> Input data
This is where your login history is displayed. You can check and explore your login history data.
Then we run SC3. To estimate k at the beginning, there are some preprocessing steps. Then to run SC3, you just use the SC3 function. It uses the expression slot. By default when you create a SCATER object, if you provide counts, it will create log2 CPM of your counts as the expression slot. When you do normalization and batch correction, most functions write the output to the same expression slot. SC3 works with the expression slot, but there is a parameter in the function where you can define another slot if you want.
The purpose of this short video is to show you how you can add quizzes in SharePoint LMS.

--

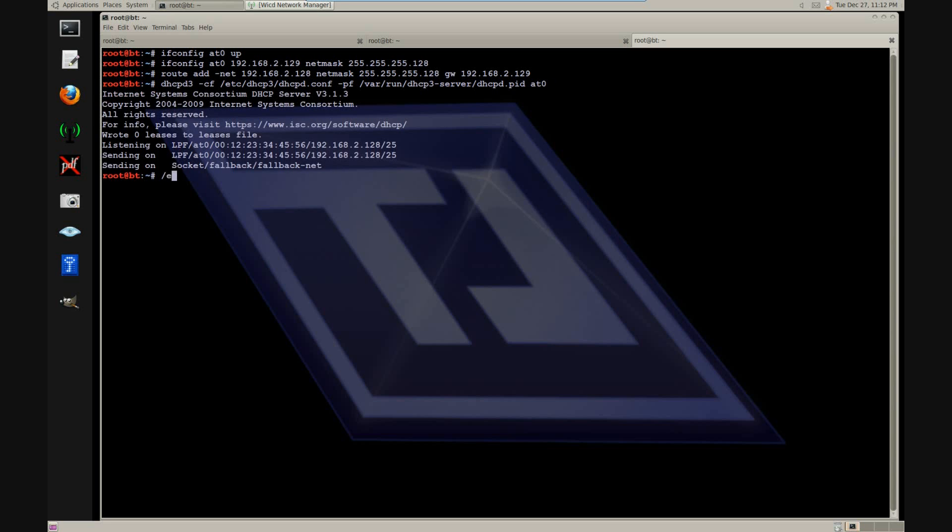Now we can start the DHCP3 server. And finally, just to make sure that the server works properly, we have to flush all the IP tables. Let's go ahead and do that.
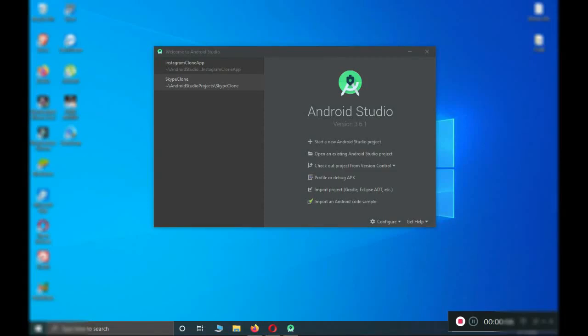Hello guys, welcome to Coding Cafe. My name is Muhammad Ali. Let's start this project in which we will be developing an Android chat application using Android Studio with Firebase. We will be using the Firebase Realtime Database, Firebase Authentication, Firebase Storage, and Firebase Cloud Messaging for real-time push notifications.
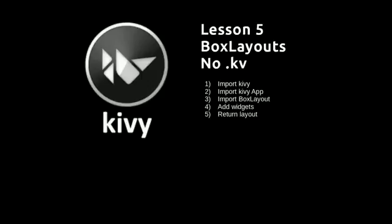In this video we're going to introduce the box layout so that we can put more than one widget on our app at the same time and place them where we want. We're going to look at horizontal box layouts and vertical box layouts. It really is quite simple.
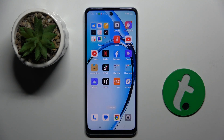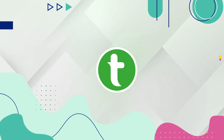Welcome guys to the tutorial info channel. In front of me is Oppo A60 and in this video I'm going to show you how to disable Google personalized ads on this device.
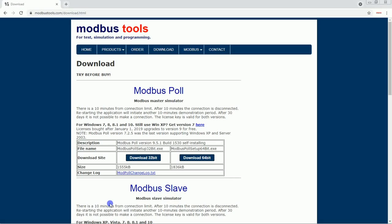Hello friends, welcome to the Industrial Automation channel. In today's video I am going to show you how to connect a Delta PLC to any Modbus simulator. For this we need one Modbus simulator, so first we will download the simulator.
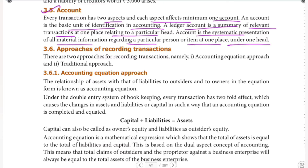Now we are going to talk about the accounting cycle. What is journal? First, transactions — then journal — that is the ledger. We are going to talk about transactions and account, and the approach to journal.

==

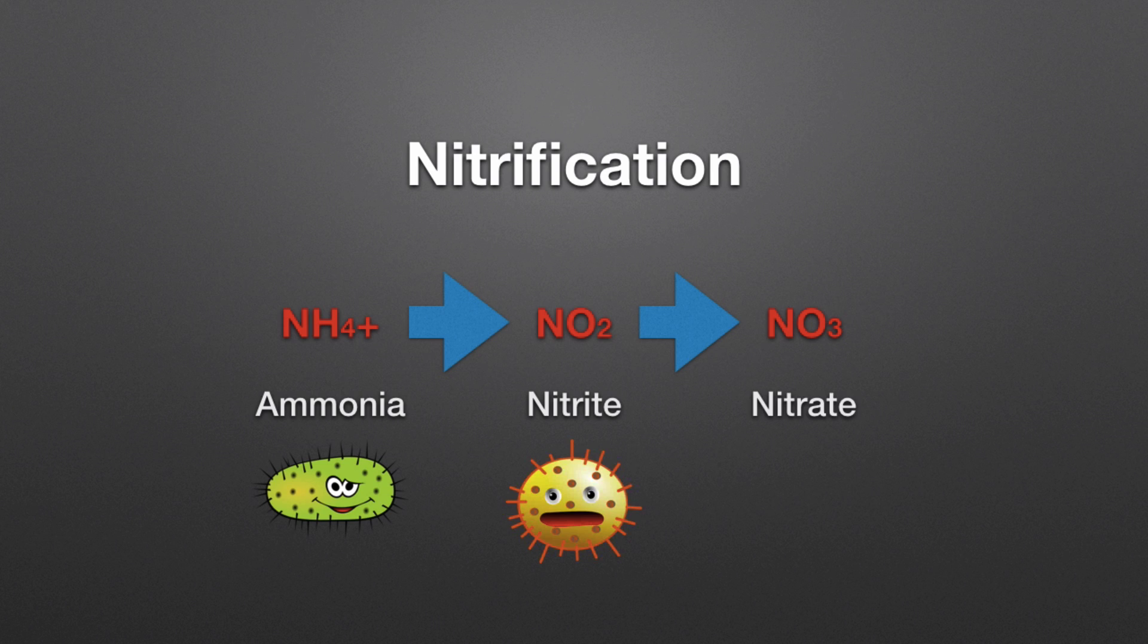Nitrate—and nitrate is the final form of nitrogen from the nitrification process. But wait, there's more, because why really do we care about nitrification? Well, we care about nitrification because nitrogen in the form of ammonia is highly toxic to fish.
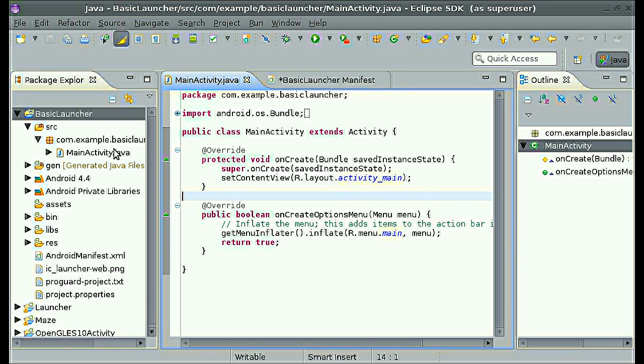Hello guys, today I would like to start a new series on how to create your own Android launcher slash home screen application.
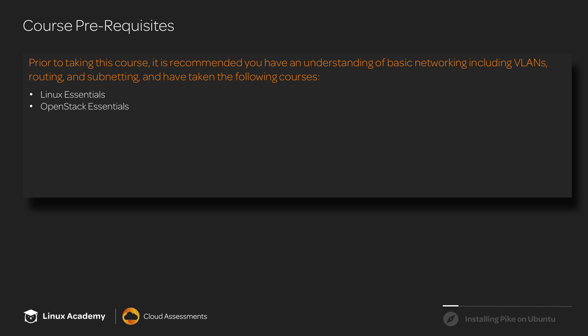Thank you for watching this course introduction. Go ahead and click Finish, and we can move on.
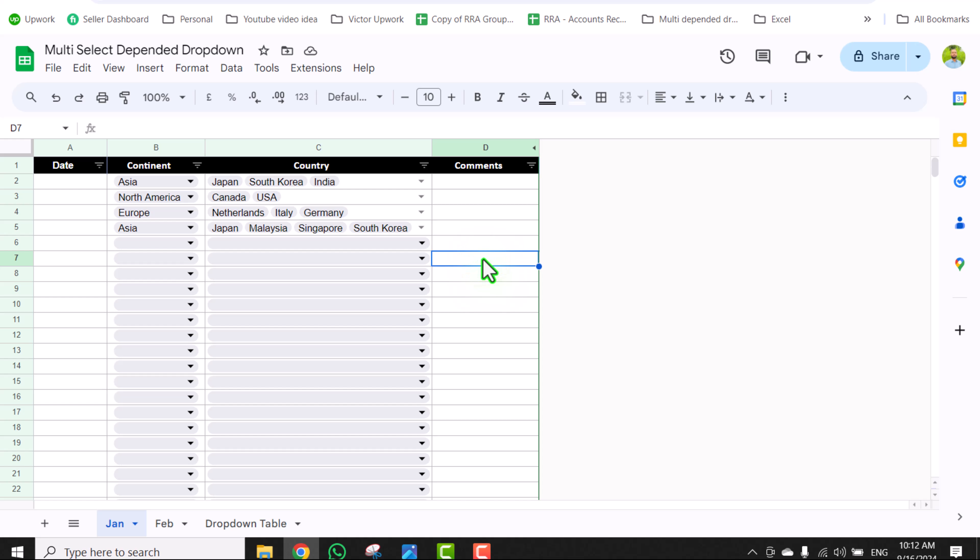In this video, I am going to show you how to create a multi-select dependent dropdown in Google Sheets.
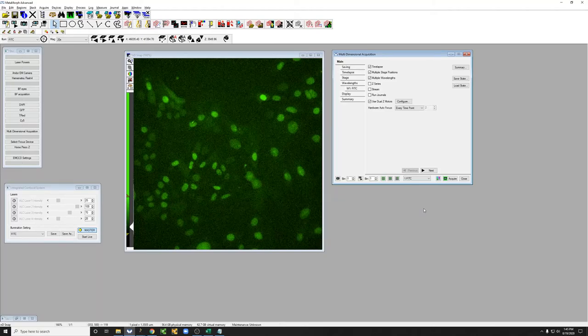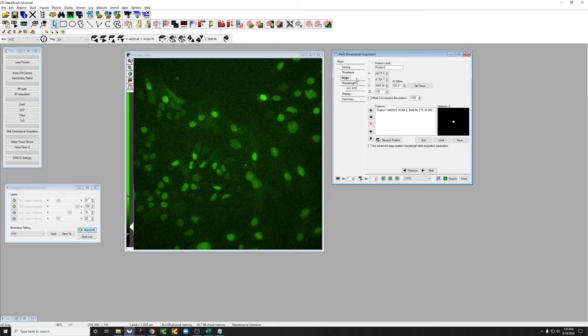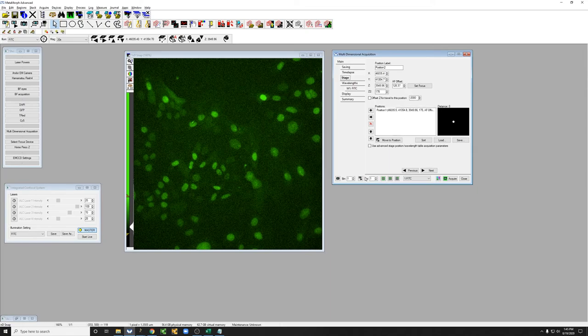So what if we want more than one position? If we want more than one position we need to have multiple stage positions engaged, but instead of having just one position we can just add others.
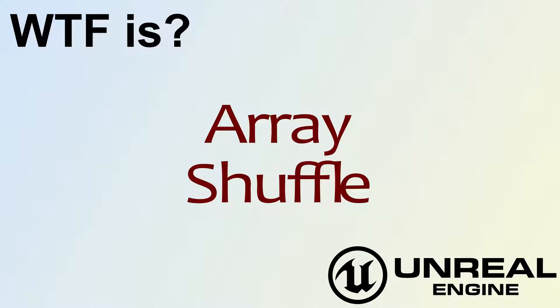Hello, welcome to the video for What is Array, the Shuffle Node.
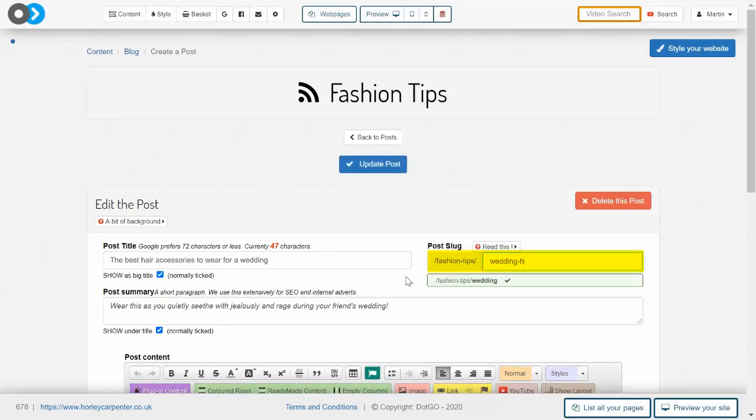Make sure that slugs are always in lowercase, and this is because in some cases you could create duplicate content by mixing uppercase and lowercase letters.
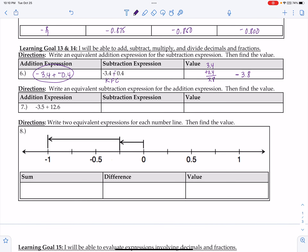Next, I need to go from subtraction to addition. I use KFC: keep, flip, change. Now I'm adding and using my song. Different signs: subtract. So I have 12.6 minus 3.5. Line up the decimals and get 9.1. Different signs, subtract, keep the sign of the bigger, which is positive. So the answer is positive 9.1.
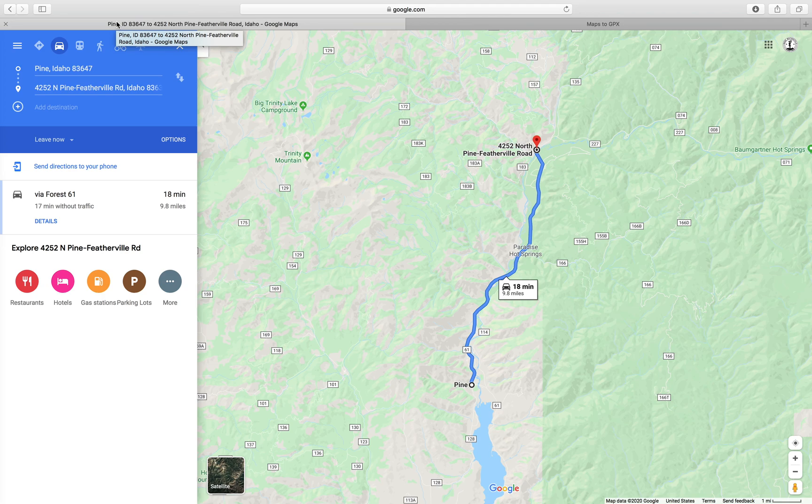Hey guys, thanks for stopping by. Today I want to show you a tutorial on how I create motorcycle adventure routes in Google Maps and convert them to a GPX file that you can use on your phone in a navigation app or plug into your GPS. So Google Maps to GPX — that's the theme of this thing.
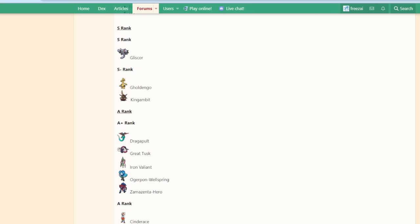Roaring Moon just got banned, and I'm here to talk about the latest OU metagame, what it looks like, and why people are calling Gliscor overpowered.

> Task to complete
Could you transcribe exactly the entries above, but only the lines from the one with "So what if we" through the one with "Hello, welcome to", and without pictures?

> Exercise solution
So what if we want more than one position? If we want more than one position we need to have multiple stage positions engaged, but instead of having just one position we can just add others.
Hello, welcome to the video for What is Array, the Shuffle Node.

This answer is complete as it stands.